Kemudian tinggal Sungai Kampar. ''Dulu sewaktu masih berupa laut, pelabuhan besarnya berada di daerah Kuok sekarang. Lewat laut itulah pembangun Kerajaan Sriwijaya dan Candi Muara Takus yang diyakini dari India datang ke wilayah Kampar,'' ungkap Latif. Selain itu, kawasan Kampar yang dulu-dulu sekali merupakan lautan diperkuat adanya kompas bambu dari Dinasti Ming yang ditemukan di Kampar. Kompas bambu adalah sebuah bukti pelayaran laut internasional zaman dahulu.

''Hal itu tidak akan diketahui jika tidak ada kajian mendalam dari segala peninggalan sejarah yang ada,'' urai Latif. Lebih lanjut ditambahkan Latif, tidak banyak orang yang berkeinginan untuk menggali sejarah. Padahal itu merupakan sesuatu yang berharga. Selain untuk mengetahui asal-usul, berbagai pengetahuan baru bisa didapat.

Mengenai explore kebudayaan yang dilakukannya, diakui Latif hanya atas nama pribadi. Penelitian dan kajian yang dilakukannya tidak melalui lembaga penelitian apapun. Bersama teman yang tertarik ikut dengannya, Latif melakukan kajian dan penelitian dengan dana pribadi.  Berbagai temuan hasil penelitiannya dituangkan dalam bentuk tulisan-tulisan di makalah. Selain itu, pemikirannya dalam bidang kebudayaan Melayu sering dipaparkan pada seminar-seminar kebudayaan di mana ia menjadi pembicara.
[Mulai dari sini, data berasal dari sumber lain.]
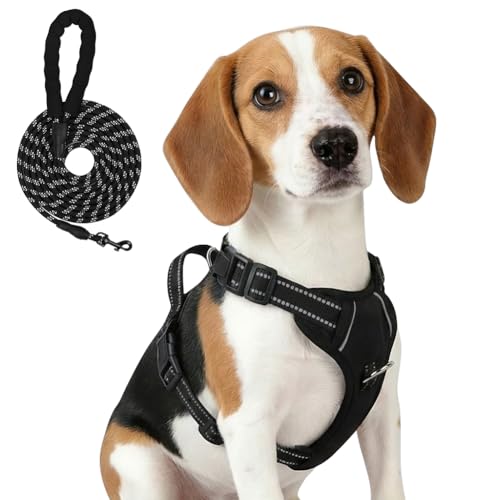 AYESY Pettorina anti-tiro per cani,Pettorina Regolabile per Cane di Taglia Media e Piccola con Guinzaglio,Robusto e Regolabile Imbracatura Traspirante,con Maniglia Rinforzata e Bande Riflettenti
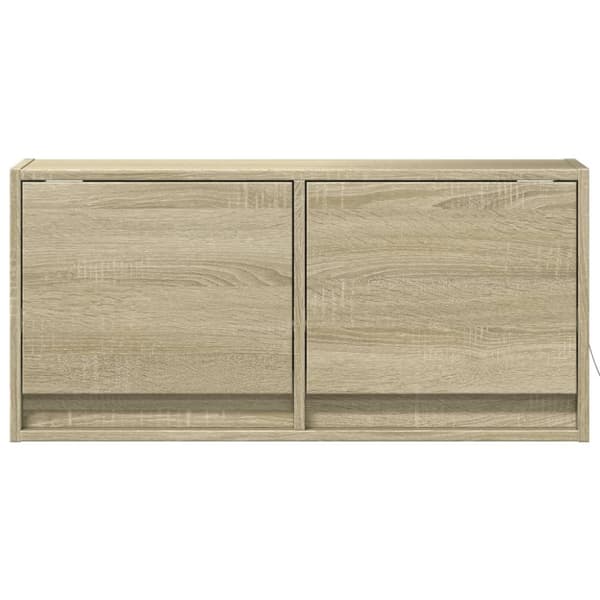 vidaXL Vegghengt TV-benk med LED sonoma eik 80x31x35 cm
''Hasil telaah, kajian dan penelitian yang saya temukan baru saya ekspos sebatas di seminar saja. Seperti seminar di UGM, seminar Dunia Melayu Dunia Islam yang dilaksanakan di Pekanbaru 2007 lalu dan paling banyak saat seminar-seminar sejarah Kampar di Bangkinang saat even Pekan Budaya Kampar,'' papar Latif. Pendapat Latif dikuatkan Bupati Kampar Drs Burhanuddin Husin MM. Di Kampar, ungkap Burhanuddin, masih banyak yang perlu di-explore dari berbagai peninggalan sejarah yang ada.

''Dari pengkajian lebih dalam terhadap peninggalan sejarah dapat diketahui asal usul kita sebagai orang Melayu,'' ucap Burhanuddin.  Salah satu peninggalan sejarah yang dapat mengungkap banyak makna adalah situs tertua, situs Candi Muara Takus. Tidak hanya peneliti di tingkat nasional, peneliti asing pun banyak yang tertarik mengkaji situs Muara Takus karena merupakan kerajaan spektakuler, kerajaan tertua di Asia Tenggara. ''Banyak hal yang dapat diungkap dari peninggalan sejarah yang ada di Kabupaten Kampar. Terutama situs Muara Takus ini,'' tutur Burhanuddin.

Oleh karena itu, Burhanuddin mempersilakan pihak manapun untuk meneliti atau mengkaji peninggalan sejarah yang ada di Kampar. Termasuk bagi insan pers yang ingin mengekspos peninggalan sejarah dan menyajikannya ke hadapan publik.